THE PROBLEM >>
Below this line are records; write out exactly the lines from the one containing "Mimosa Charcoal Textured Towel Range" through the one containing "مراسم بدرقه اردوی", with the pictures left out.

Saved entries:
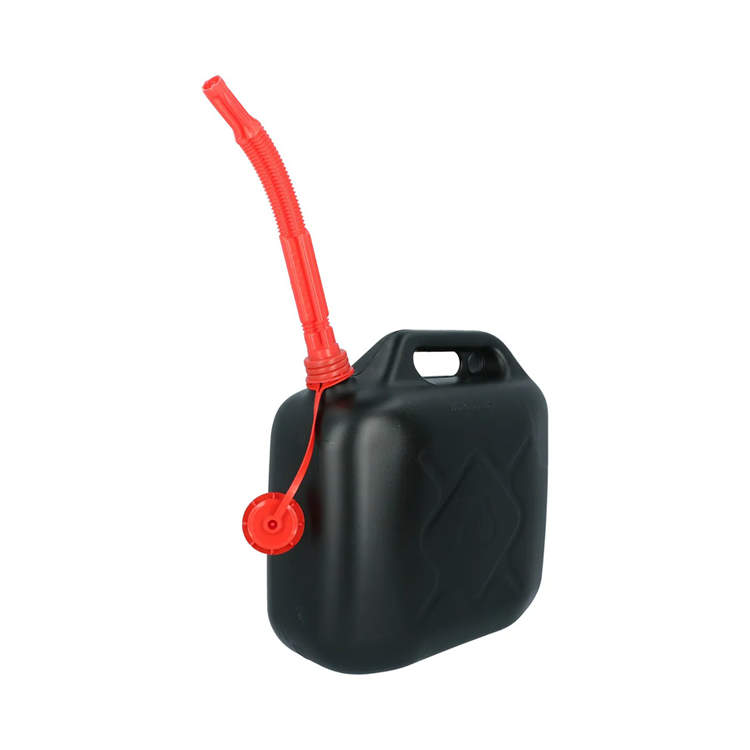 Tanica benzina Carpoint in plastica (10 litri) nera non pazzesca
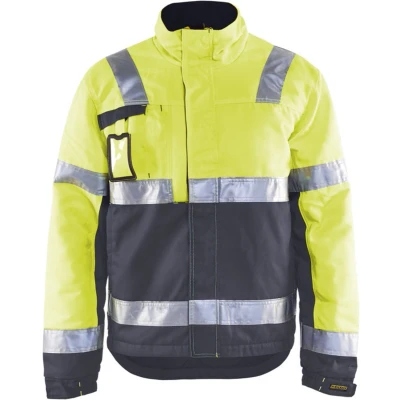 Afbeelding van Blaklader Winterjas HIgh Vis 4862 1811 Geel/Medium Grijs XL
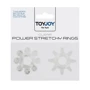 Набір із 2 шт кілець на пеніс Power stretchy Rings Clear, 3006009937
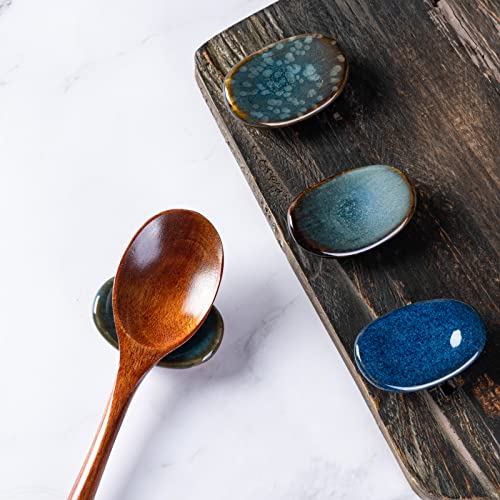 Ceramic Chopsticks Holder Chopstick Rest Spoon Fork Stand Holder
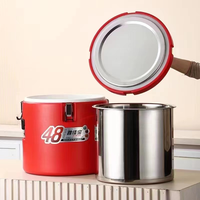 Ensemble de chauffe-plats grande capacité à usage commercial, 5 pièces (4L-7L-15L-30L-60L) avec pot amovible en acier inoxydable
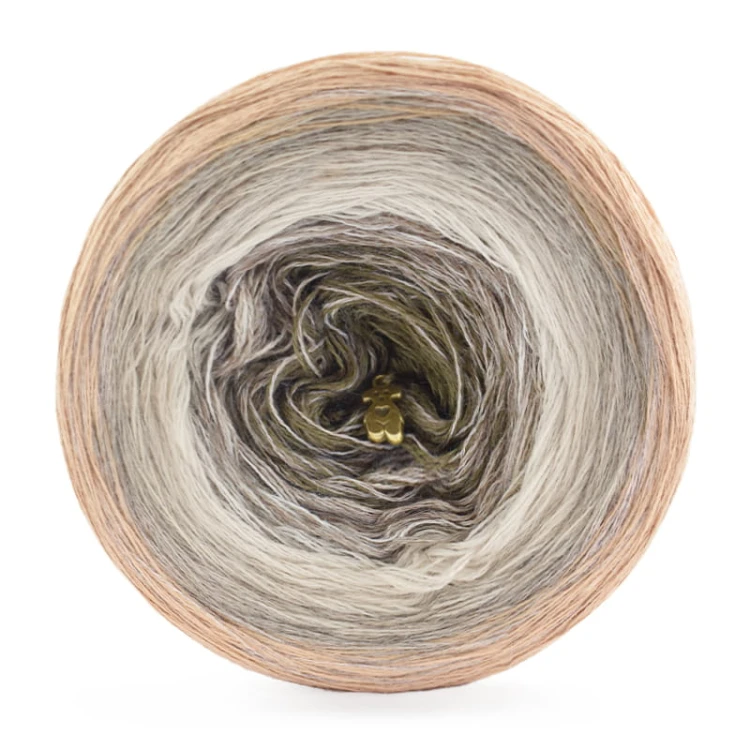 KOKONEK Merino 751 Ballerina dream - Ciepły beż / safari / jasny beż / orzech melanż / khaki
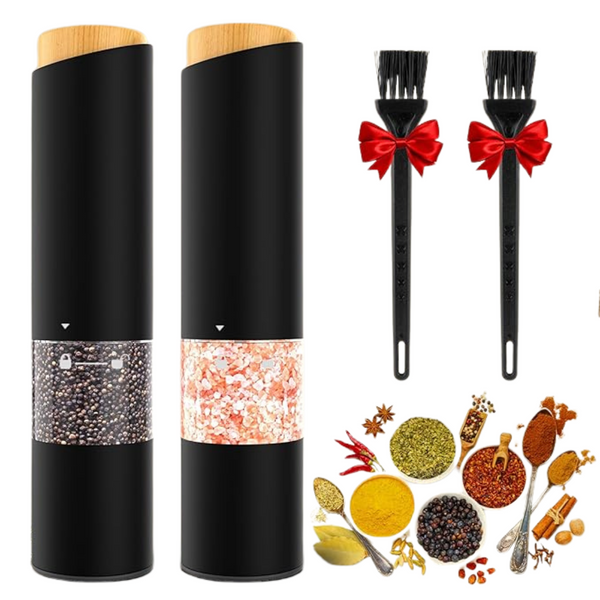 Battery-Operated Electric Salt And Pepper Grinder Set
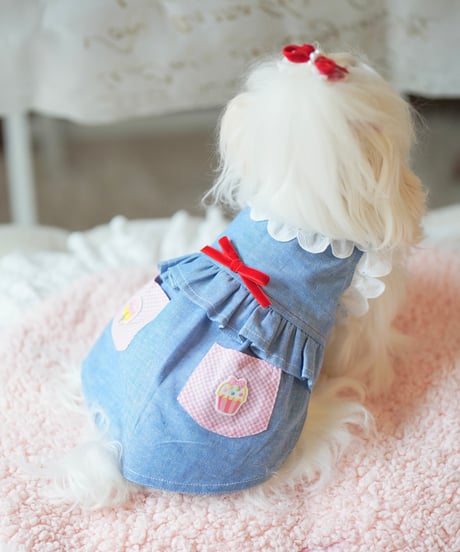 【Jeanie Love 】Ribbon Sweets Dress （リボンスイーツドレス）ブルー　XS/Sサイズ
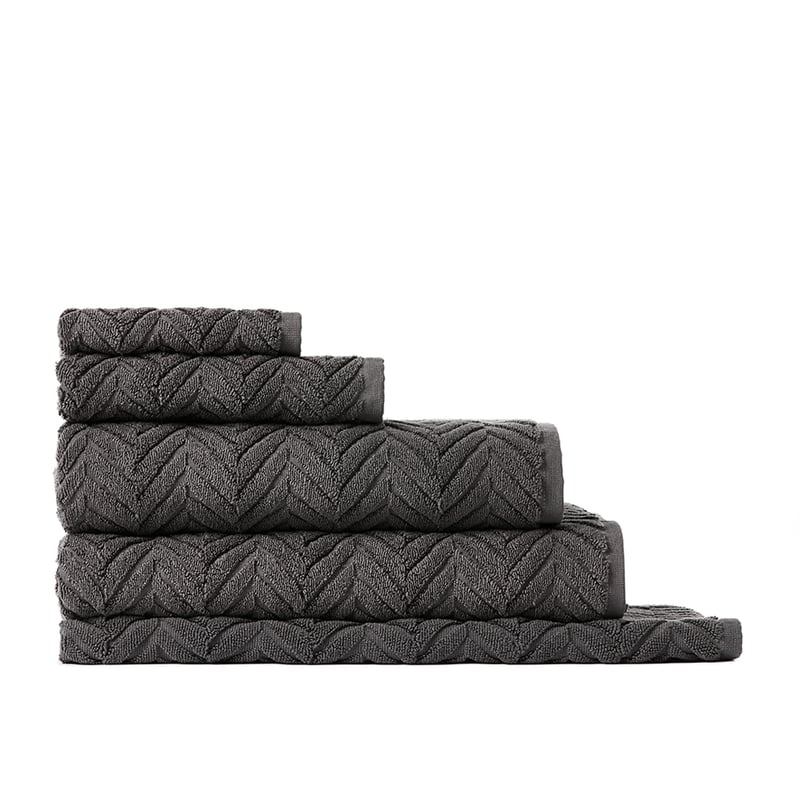 Mimosa Charcoal Textured Towel Range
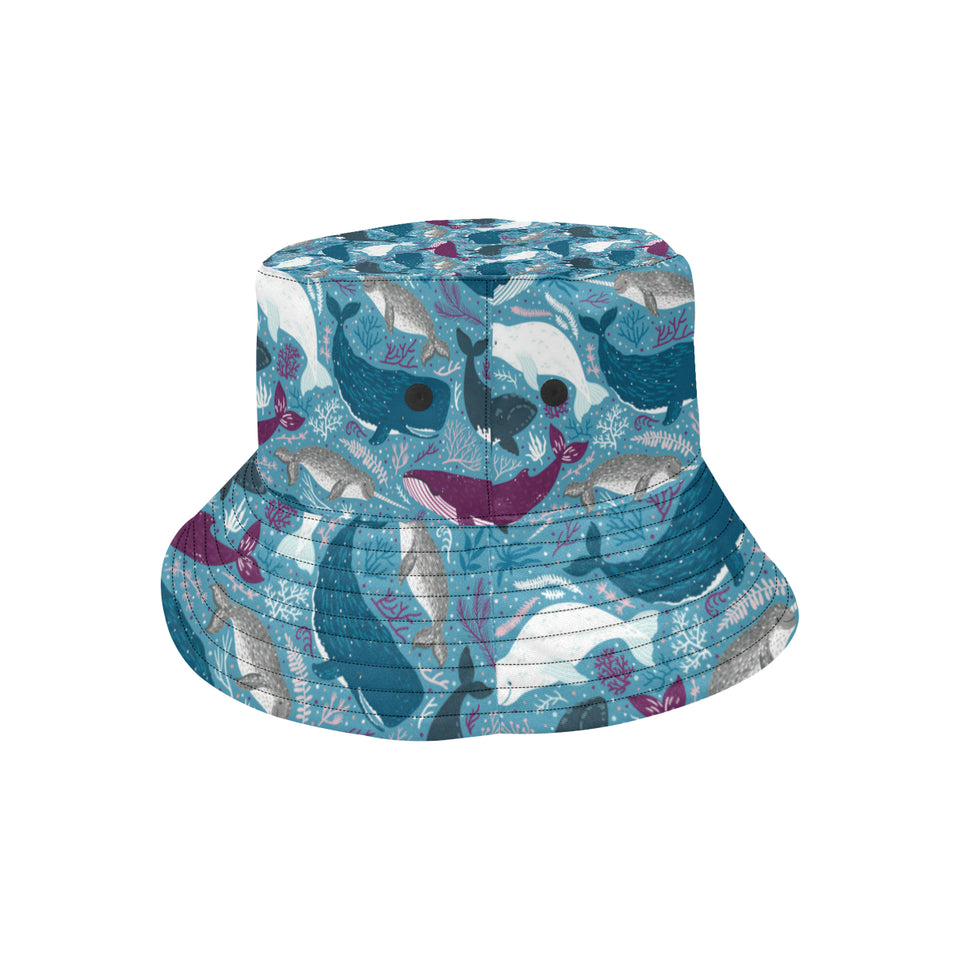 Whale design pattern Unisex Bucket Hat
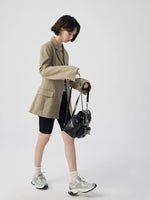 Load image into Gallery viewer, Structured Pocket Blazer in Khaki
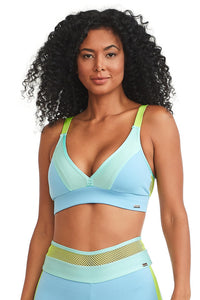Sport Bra Happy Blue Sky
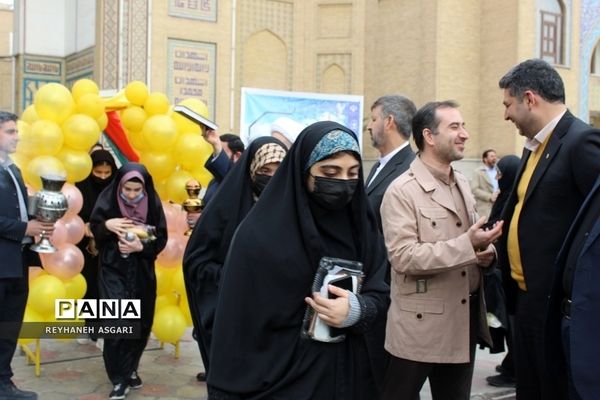 مراسم بدرقه اردوی «زیارت‌‌اولی‌ها» به مقصد مشهد مقدس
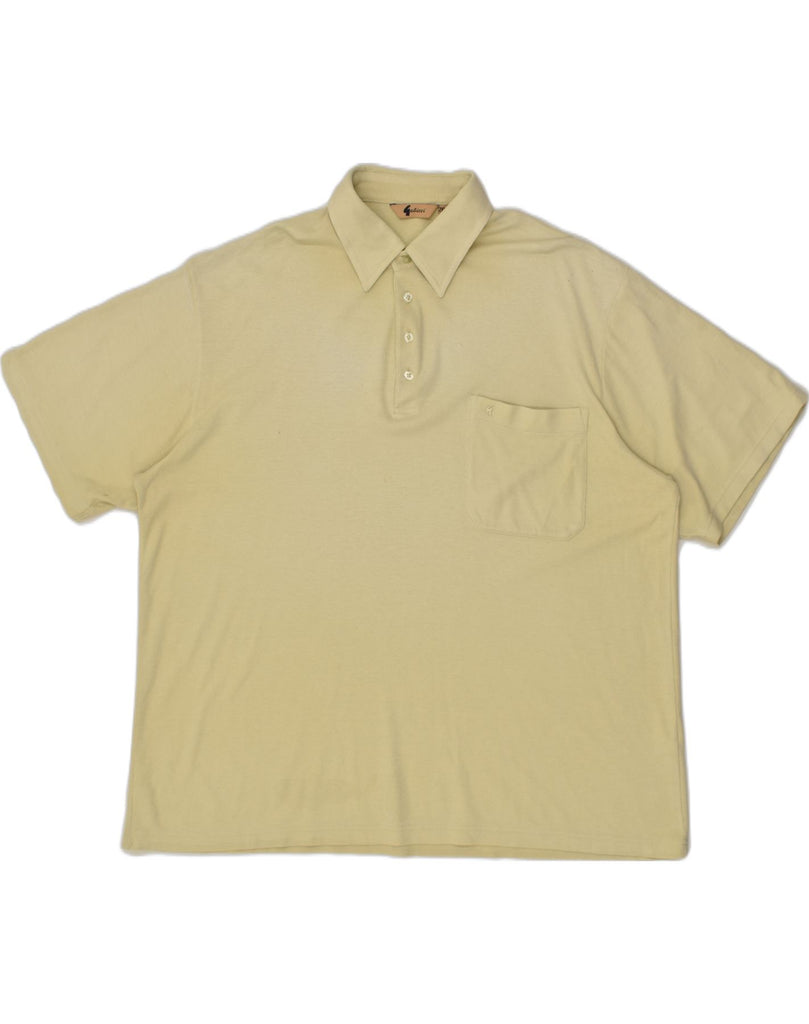 GABICCI Mens Polo Shirt 2XL Beige Cotton | Vintage Gabicci | Thrift | Second-Hand Gabicci | Used Clothing | Messina Hembry 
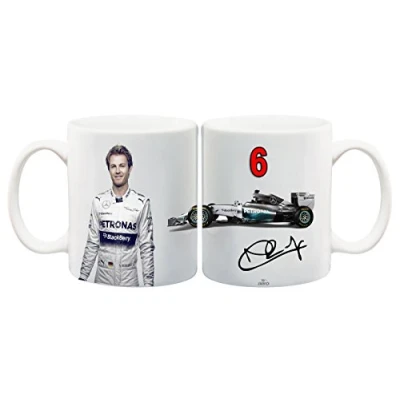 Image of Juko Nico Rosberg Mug Coffee Cup Gift Idea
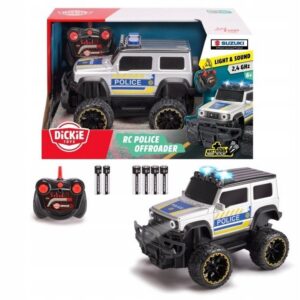 Raadio teel juhitav politseiauto Dickie Toys Suzuki heli ja valgusega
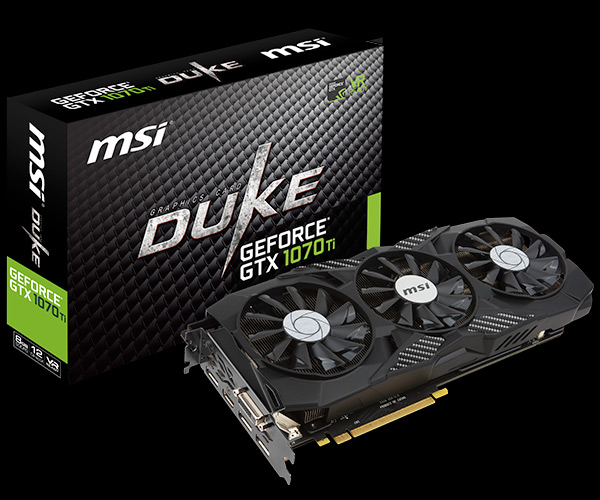 MSI GTX 1070 TI DUKE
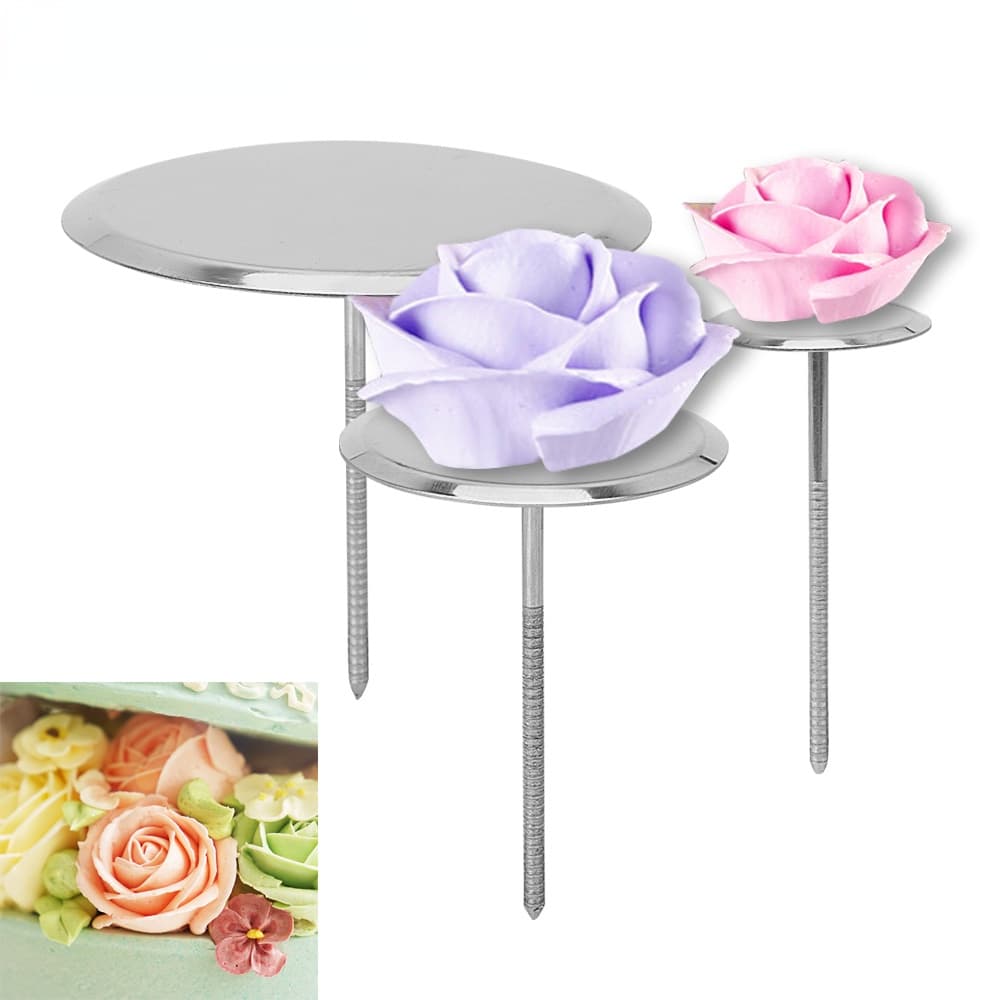 3 Tamanhos Para Saco De Unhas De Bolo Com Bastão Fazer Bricolage Ferramentas Decoração De Sorvete De Aço Inoxidável Preg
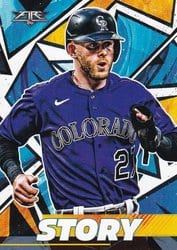 2021 Topps Fire Base Set Trevor Story #39 card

OUTPUT FOR THIS EXERCISE >>
 Mimosa Charcoal Textured Towel Range
 Whale design pattern Unisex Bucket Hat
 Load image into Gallery viewer, Structured Pocket Blazer in Khaki
Sport Bra Happy Blue Sky
 مراسم بدرقه اردوی «زیارت‌‌اولی‌ها» به مقصد مشهد مقدس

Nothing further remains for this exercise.